I once heard that the sweetest sounds in the English language are the words home, a person’s name, and the word mother. In my case, the word with the sweetest sound is the word grandmother.  

My grandmother came to my rescue when I was a child, and my life was confusing and complicated. Her love gave me the stability that I needed and her example of what a God-centered woman should be became the model that I patterned my life after.  

Her values were the foundation in which I stand on today and the values I taught my children. Those values are to love God and family, always keep learning, and care for others and your community.   

I love my children and I thought I could never love anyone more than them, but when my grandchildren were born, my heart grew bigger and I experienced another dimension of love. Being a grandmother is both a privilege and a pleasure.   

For generations, grandmothers have often stood in the gap for their families.  They were honored and revered by their children and progeny.  They were valued for their wisdom and experience that they would pass on to the next generation. They would share family history and stories to help keep the legacy and knowledge of one’s family alive.  

As in my case, my grandmother, also known as “Mother Dear,” not only shared wisdom, but she also made sure I stayed on the straight and narrow and understood that God had a plan for my life. 

My grandmother’s birthday is on May 18th.  She was the first born free in our family.  Her father was born in the early 1860’s before the end of the Civil War.  She was raised in Texas and after finishing school at Bishop College and marrying my grandfather, they eventually moved to California.   

My grandmother had nine children and a host of grandchildren, great-grandchildren, great-great grandchildren, and more.  Her love expanded beyond just her own children. As a schoolteacher, she also helped and loved children that she counseled and some even came to live with us.  For her, charity began at home, but did not end there.  

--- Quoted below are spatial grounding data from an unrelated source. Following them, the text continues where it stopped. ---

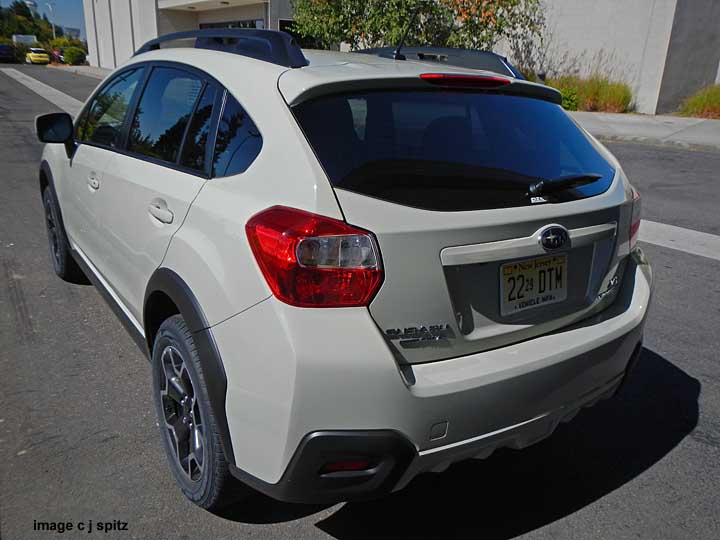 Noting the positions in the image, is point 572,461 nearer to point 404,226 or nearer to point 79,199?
point 404,226

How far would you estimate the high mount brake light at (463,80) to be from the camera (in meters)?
2.21

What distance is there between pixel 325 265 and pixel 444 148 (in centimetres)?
70

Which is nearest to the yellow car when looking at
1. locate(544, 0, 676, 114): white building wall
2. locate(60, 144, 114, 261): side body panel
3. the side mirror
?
locate(544, 0, 676, 114): white building wall

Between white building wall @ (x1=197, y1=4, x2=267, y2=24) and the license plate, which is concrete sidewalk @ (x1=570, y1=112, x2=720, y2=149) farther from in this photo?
white building wall @ (x1=197, y1=4, x2=267, y2=24)

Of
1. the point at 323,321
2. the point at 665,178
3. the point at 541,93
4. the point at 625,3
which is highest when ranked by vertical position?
the point at 625,3

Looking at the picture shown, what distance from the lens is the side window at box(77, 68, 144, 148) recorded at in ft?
10.7

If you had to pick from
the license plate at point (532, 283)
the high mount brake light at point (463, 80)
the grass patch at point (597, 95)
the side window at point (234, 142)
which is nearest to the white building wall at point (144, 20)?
the grass patch at point (597, 95)

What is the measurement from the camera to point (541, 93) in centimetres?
262

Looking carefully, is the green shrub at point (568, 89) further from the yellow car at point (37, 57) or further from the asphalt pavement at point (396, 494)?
the yellow car at point (37, 57)

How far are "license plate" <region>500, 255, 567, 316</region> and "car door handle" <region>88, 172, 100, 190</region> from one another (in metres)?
2.27

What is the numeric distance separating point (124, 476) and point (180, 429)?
0.35 m

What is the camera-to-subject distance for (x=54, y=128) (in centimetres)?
361

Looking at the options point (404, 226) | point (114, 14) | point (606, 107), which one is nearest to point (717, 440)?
point (404, 226)

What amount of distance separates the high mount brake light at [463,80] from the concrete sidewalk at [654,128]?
1088 centimetres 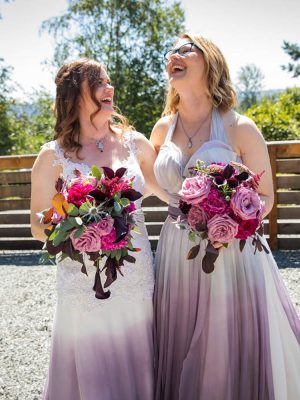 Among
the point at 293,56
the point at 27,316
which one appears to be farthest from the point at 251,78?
the point at 27,316

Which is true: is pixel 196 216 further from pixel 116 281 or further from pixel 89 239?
pixel 116 281

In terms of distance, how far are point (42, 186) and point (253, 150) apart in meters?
1.12

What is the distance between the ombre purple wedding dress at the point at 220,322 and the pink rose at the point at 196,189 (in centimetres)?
39

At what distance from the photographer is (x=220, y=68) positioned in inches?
109

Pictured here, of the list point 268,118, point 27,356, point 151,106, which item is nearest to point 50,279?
point 27,356

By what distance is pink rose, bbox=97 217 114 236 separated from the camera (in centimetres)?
205

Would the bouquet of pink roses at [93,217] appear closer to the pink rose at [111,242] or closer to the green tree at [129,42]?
the pink rose at [111,242]

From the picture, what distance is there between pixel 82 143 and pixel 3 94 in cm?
1620

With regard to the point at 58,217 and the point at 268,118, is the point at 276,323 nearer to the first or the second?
the point at 58,217

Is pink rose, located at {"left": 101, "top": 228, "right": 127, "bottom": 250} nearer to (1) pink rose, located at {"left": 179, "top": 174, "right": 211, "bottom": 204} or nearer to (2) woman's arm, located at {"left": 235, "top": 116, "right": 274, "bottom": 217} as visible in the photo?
(1) pink rose, located at {"left": 179, "top": 174, "right": 211, "bottom": 204}

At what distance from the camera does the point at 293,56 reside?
21.3 metres

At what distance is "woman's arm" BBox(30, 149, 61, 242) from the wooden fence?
4.28 meters

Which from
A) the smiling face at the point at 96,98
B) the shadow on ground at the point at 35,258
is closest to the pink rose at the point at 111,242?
the smiling face at the point at 96,98

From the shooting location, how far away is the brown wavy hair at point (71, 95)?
263cm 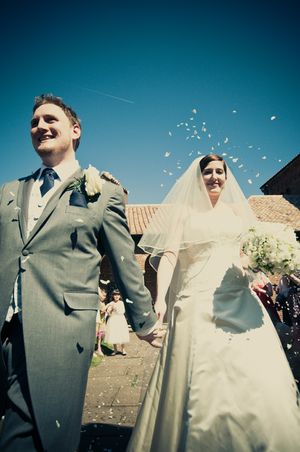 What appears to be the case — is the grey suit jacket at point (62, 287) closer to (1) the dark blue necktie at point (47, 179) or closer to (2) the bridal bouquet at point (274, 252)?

As I celebrate my grandmother’s birthday, it is my honor to pay respect and gratitude to her for not only guiding me on my way, but for touching the lives of all those she came across.  Although, my grandmother is no longer with us, I will forever be grateful for her love, her wisdom, and the role model she was for many others and especially for me.  

I recently attended a funeral of an old family friend and several of the attendees, some that I did not even know, came up to me and shared how my grandmother touched their lives with her kindness. Because of her legacy her children and her children’s children have been blessed and highly favored.  

If your grandmother is still with you, I encourage you to spend as much time as you can with her. Ask her to share stories from her childhood, ask her to share photos of family members, find out what makes her happy and what were some of her dreams.   

Learn as much as you can so you can pass along your family history to future generations.  I love family history and when I talk to some of my friends and colleagues, many of them do not even know the names of their great-grandparents.  Do not let the legacy of your family stop with you.  

 Healing Without Hate: It’s a choice. It’s a lifestyle. Pass it on.